Ninety years ago this summer, a Republican legislator from Tennessee, Harry T. Burn, was the key vote that gave women the right to vote in the United States. Thirty-five states had ratified it out of the 36 needed to add the 19th Amendment to the U.S. Constitution. The state legislature was tied, with 48 votes for and 48 against. On Aug. 18, 1920, Burn broke the tie.
Now, it seems that another Tennessee Republican could be the key to advancing, in some people’s eyes, the cause of abolishing international gender discrimination.
The Republican? U.S. Sen. Bob Corker.
Corker has been identified as a target of a national campaign urging the United States to ratify a United Nations treaty first drafted in the late 1970s called the Convention on the Elimination of All Forms of Discrimination Against Women. This year, the CEDAW Task Force of the Leadership Conference on Civil and Human Rights has organized a national campaign to urge the Senate to ratify the treaty. Locally, the campaign has sent postcards to Corker, urging him to vote in favor of CEDAW.
“The reason why you’re seeing so much activity in Tennessee is that [Aug. 26] is Women’s Equality Day, which celebrates the anniversary of the 19th Amendment,” said Jeff Miller, spokesman for the leadership conference.
Burn, who was originally undecided on the women’s suffrage issue, was famously moved to vote yes after receiving a letter from his mother. The City Paper was unable to reach Corker’s mother, Jean Corker, of Signal Mountain, Tenn., by press time.
Corker’s office offered an email statement indicating that, as of now, he is less-than-supportive of the treaty.
“Senator Corker has been a leading advocate for improved access to social and economic opportunity in the developing world and supported efforts to end the suffering of and violence against vulnerable populations, including women. … Like most Americans, Sen. Corker believes we should stand up for the basic human rights of all people and work toward ending violence and discrimination against women wherever it occurs, but he thinks the CEDAW treaty is overly broad and could undermine U.S. sovereignty.”

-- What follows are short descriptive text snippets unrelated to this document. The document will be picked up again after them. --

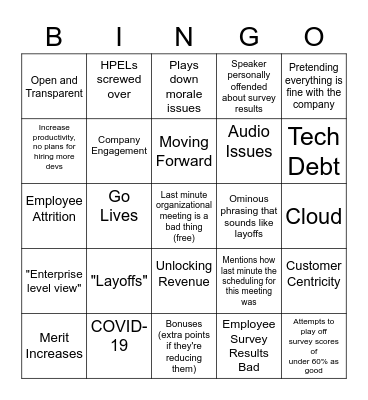 Bye Daniel Bingo Card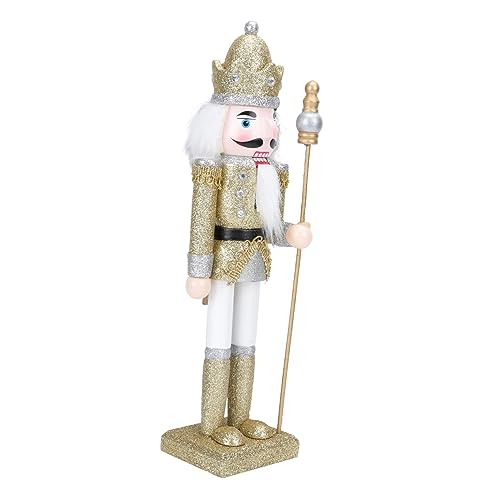 CHICAMPERA 1 Stück Holz Puppe Dekoration Weihnachtsornament Gold Handgefertigte Soldatenfigur für Festliche Anlässe für Tischdeko und Wohnraumgestaltung von CHICAMPERA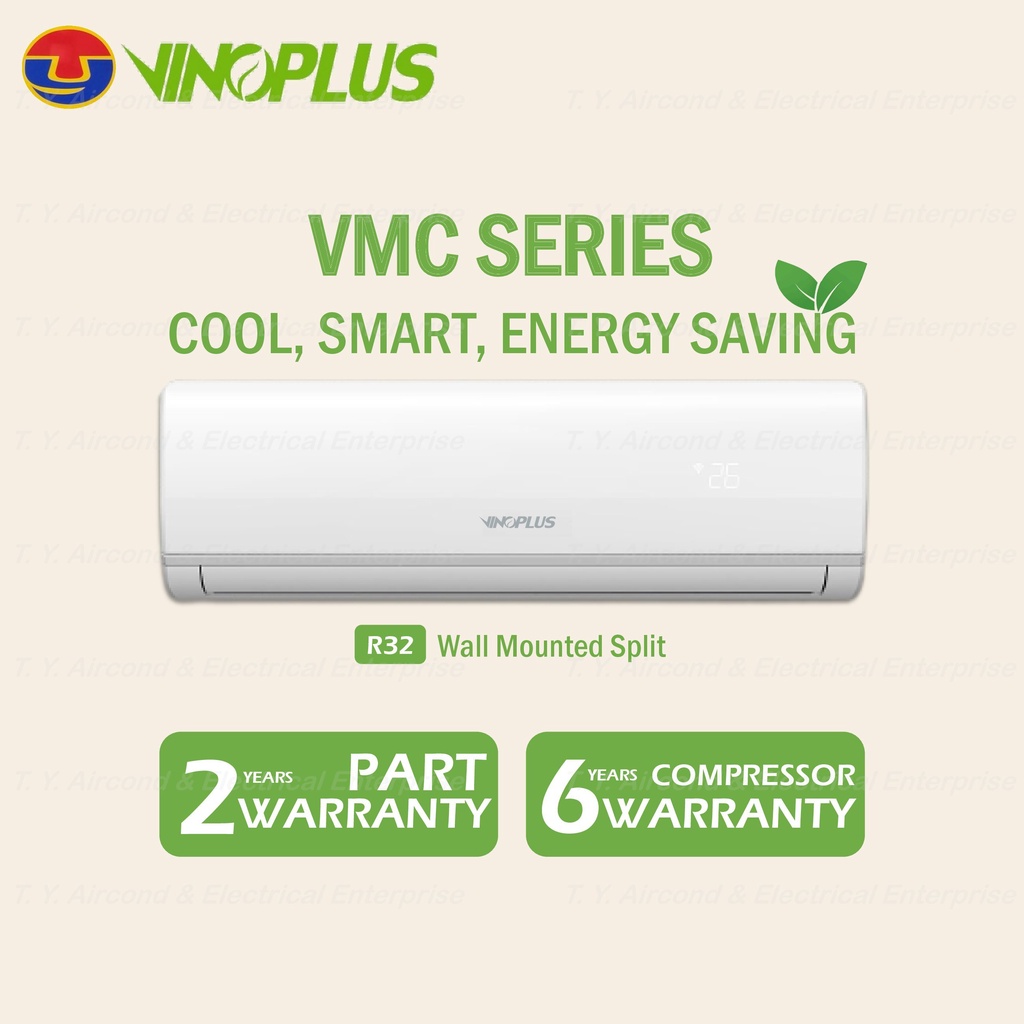 VinoPlus VMC-R32 Aircond (Non-Inv) (1.0HP, 1.5HP, 2.0HP & 2.5 HP) Cold Plasma with Golden Fin Air Conditioner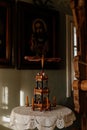 Kourim, Bohemia, Czech Republic, 17 December 2023: Interior of Traditional village house, German Wooden Christmas Pyramid, Hand-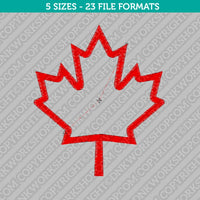 Simple Maple Leaf Embroidery Design - 5 Sizes - INSTANT DOWNLOAD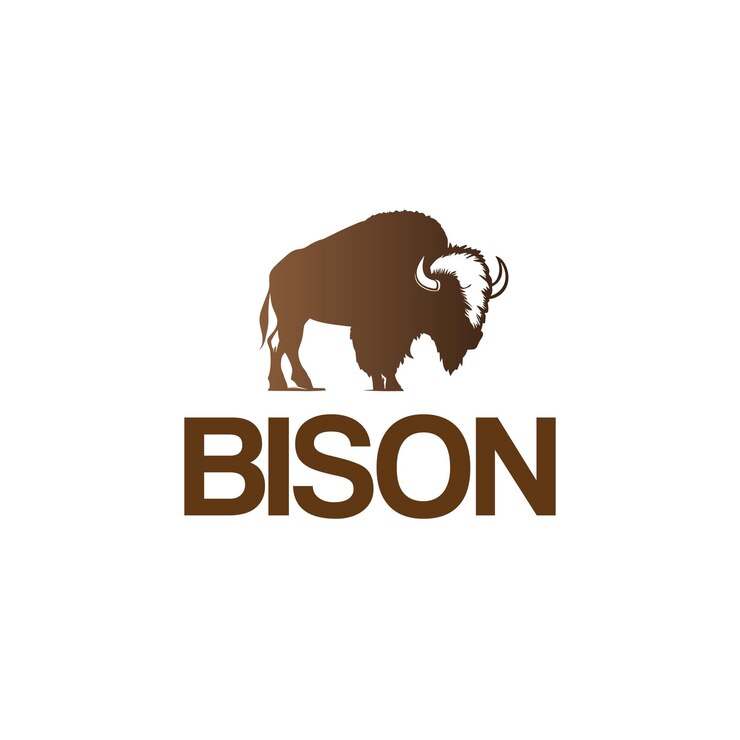 Vector bison bull buffalo vector logo ontwerp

Nevertheless, for the campaign, it looks in many ways to be the right year to at least attempt to change Corker’s and some of his colleagues’ minds, wielding points including the company the U.S. now keeps in failing to agree to be bound to the terms of the treaty. Qatar’s accession — in effect, the same as ratification but for the fact that Qatar didn’t sign the original treaty — makes 186 out of 193 U.N.-recognized nations on board with CEDAW. The other six non-compliers are Sudan, Somalia, Iran (all with less-than-impressive records when it comes to human rights) and Nauru, Palau, and Tonga (three island countries with a combined population nearly rivaling Chattanooga’s).
This year will also mark the first time the United States has submitted itself to a Uniform Periodic Review by the UN’s Council on Human Rights. A failure to ratify CEDAW could tarnish its record in gender equality. Finally, this year’s mid-term election will likely give some Senate seats to Republicans. Since any treaty requires a two-thirds majority (or 67 votes) for Senate approval, that already means eight GOP votes are needed on top of the full 59-member Democratic Caucus. The prospects look grimmer in 2011.
First, though, a treaty will likely have to be approved by the Foreign Relations Committee. Sen. Richard Lugar, R-Indiana, is the ranking member of that committee, but he voted against the treaty in 2002. That’s where Corker, the second-ranking Republican, comes in.
The treaty will likely be required to pass this committee to reach the Senate floor, but Corker’s office said it doesn’t expect ratification to be offered in the Senate during the 111th Congress.
CEDAW has garnered support from President Obama, Secretary of State Hillary Clinton and Sen. John Kerry, the chairman of the Foreign Relations Committee.
Corker’s voting history suggests that hoping for his support for the treaty might be something of a long shot. He voted against invoking cloture — which would have ended debate and forced a vote — on the Lilly Ledbetter Fair Pay Act of 2007, legislation that extended the amount of time an employee would be eligible to file a pay discrimination suit against her employer. When the 2009 version of the bill finally did come up for a full vote, Corker voted against it. Last year, he voted against an amendment to the 2010 Defense Appropriations Act that called for the Defense Department to end all contracts with companies that stopped employees who were victims of rape from taking their cases to civilian court.
It’s also worth mentioning that Corker has consistently voted pro-life. A treaty like CEDAW that has been construed, accurately or not, as having a “pro-abortion agenda” is unlikely to appeal to him politically.